Instability can be treated initially with RICE therapy. After two weeks of rest, rotator cuff strengthening and biceps strengthening exercises can be instituted.

This is then followed by proprioceptive exercises for the shoulder. However, the younger the dislocator the higher the chances of re-dislocation. This is especially the case for throwing sports.

Frequent dislocations can cause cartilage damage or impact fracture.

9 TIPS to prevent sports injury

1. Don’t be a “weekend warrior”, packing a week’s worth of activity into a day or two. Try to maintain a moderate level of activity throughout the week.

2. Learn to do your sport right. Using proper form can reduce your risk of “overuse” injuries such as tendinitis and stress fractures.

3. Accept your body’s limits. You may not be able to perform at the same level you did 10 or 20 years ago. Modify activities as necessary.

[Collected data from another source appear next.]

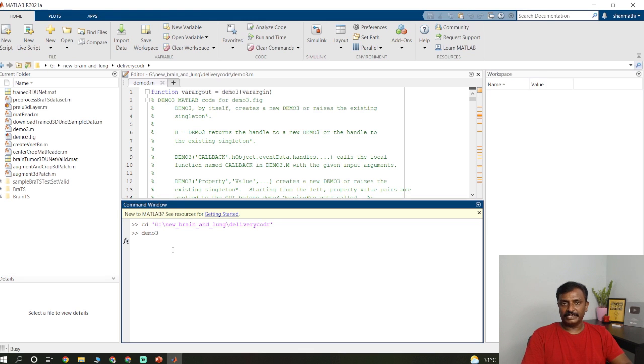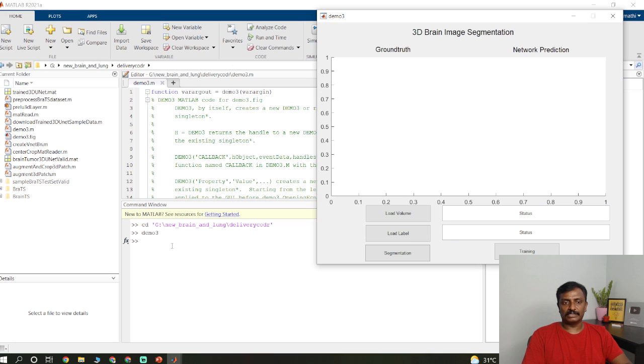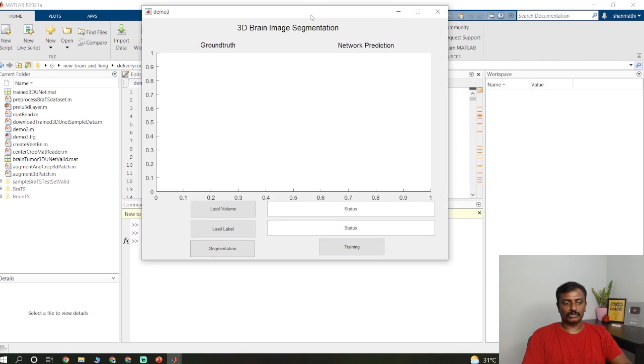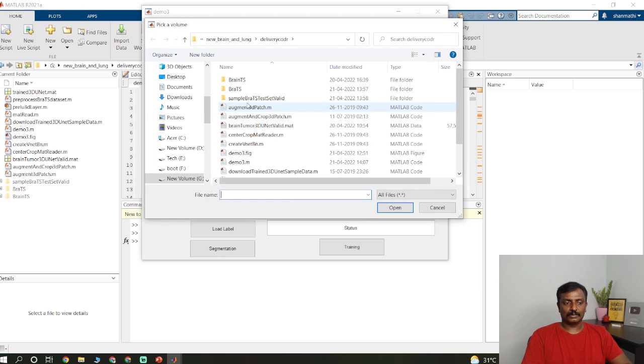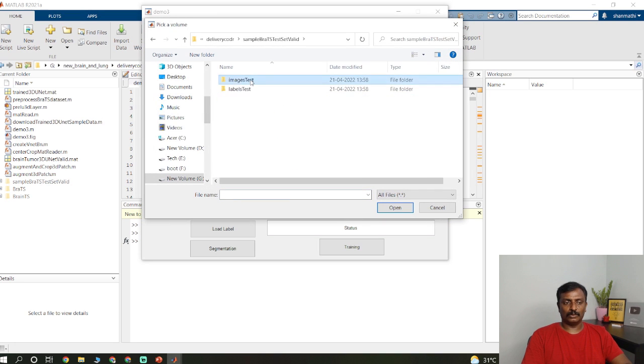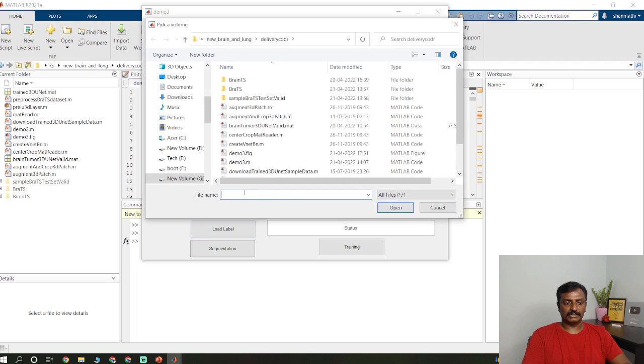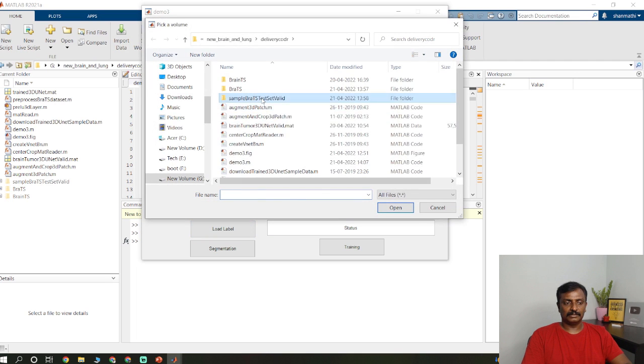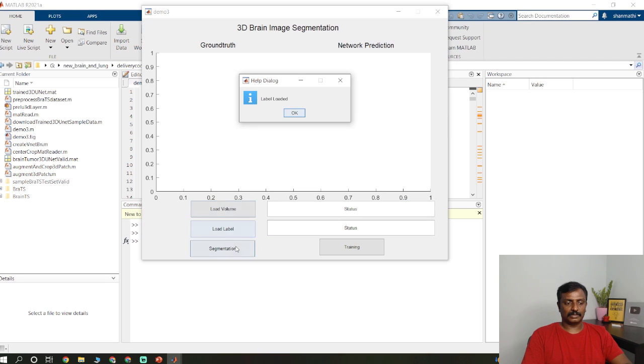So I have already developed the GUI, graphical user interface. You have to select the 3D images as well as the ground truth. Once you run this program, you will get the pop-up like this. Just load the volume. So I just load the test data sets and the label data sets.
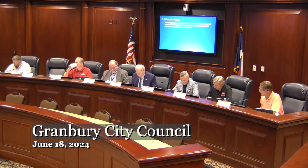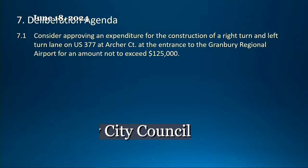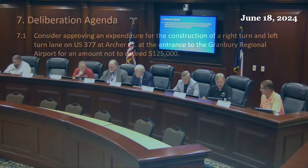We'll go to the deliberation agenda. Item 7.1 is considering approving an expenditure for the construction of a right turn and left turn lane on US 377 at Archer Court at the entrance to the Granbury Regional Airport for an amount not to exceed one hundred and twenty five thousand dollars.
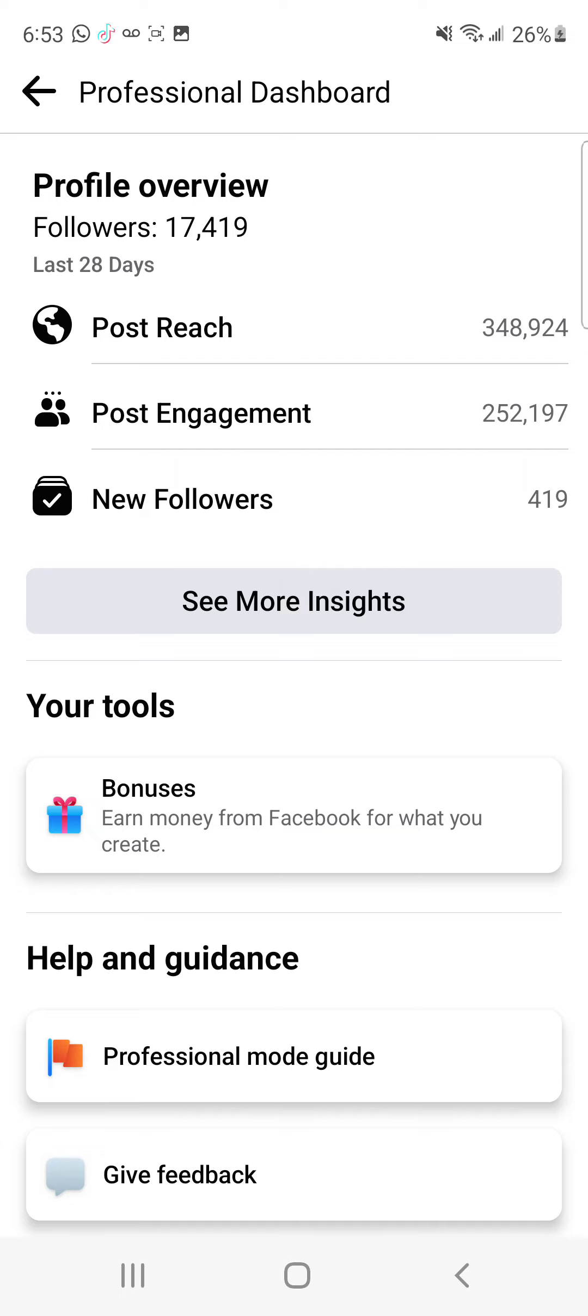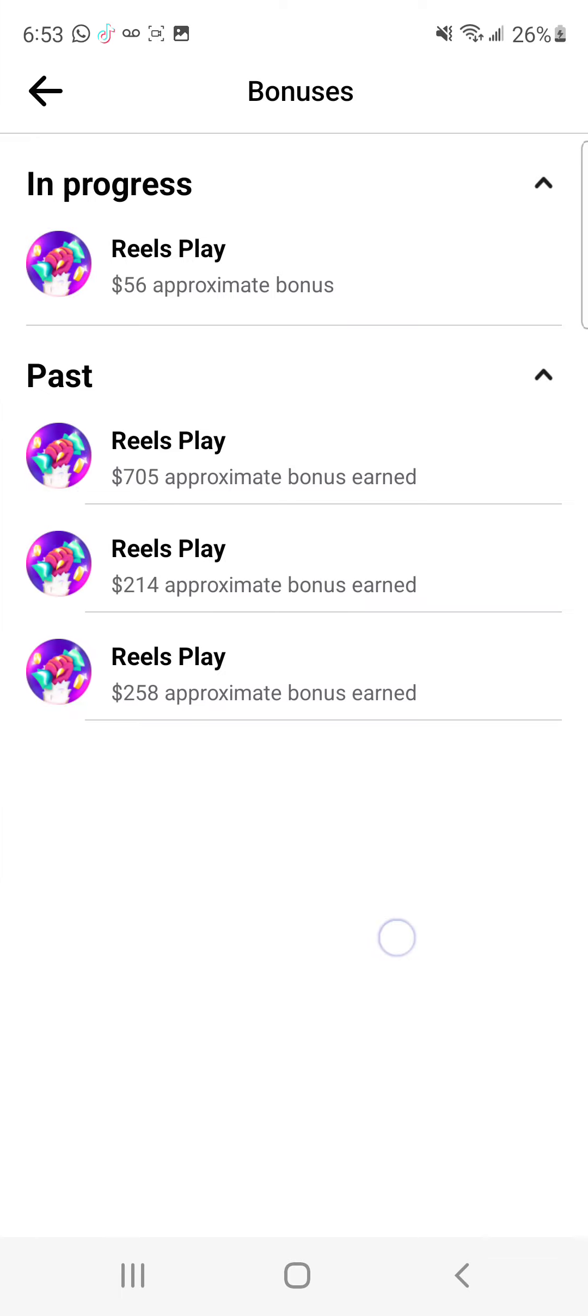But my problem is I need help you guys. You guys gotta let me know how do I set up my payment. Because you see this, like the $258 and the $214 and the $700, I still haven't get paid for it. So I don't know what happened on my Facebook.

4. Increase your exercise level gradually.

5. When jumping, land with your knees bent.

6. Do warm-up exercises not just before vigorous activities like running, but also before less vigorous ones such as golf.

7. Do warm-up stretches before activity. Stretch the Achilles tendon, hamstring and quadriceps areas, and hold the positions.

8. Cool down following vigorous sports. For example, after a race, walk or walk/jog for five minutes so your pulse comes down gradually.

9.Wear properly fitting shoes that provide shock absorption and stability. Change your shoes regularly if your run often; a guide would be 500km for one pair of shoes.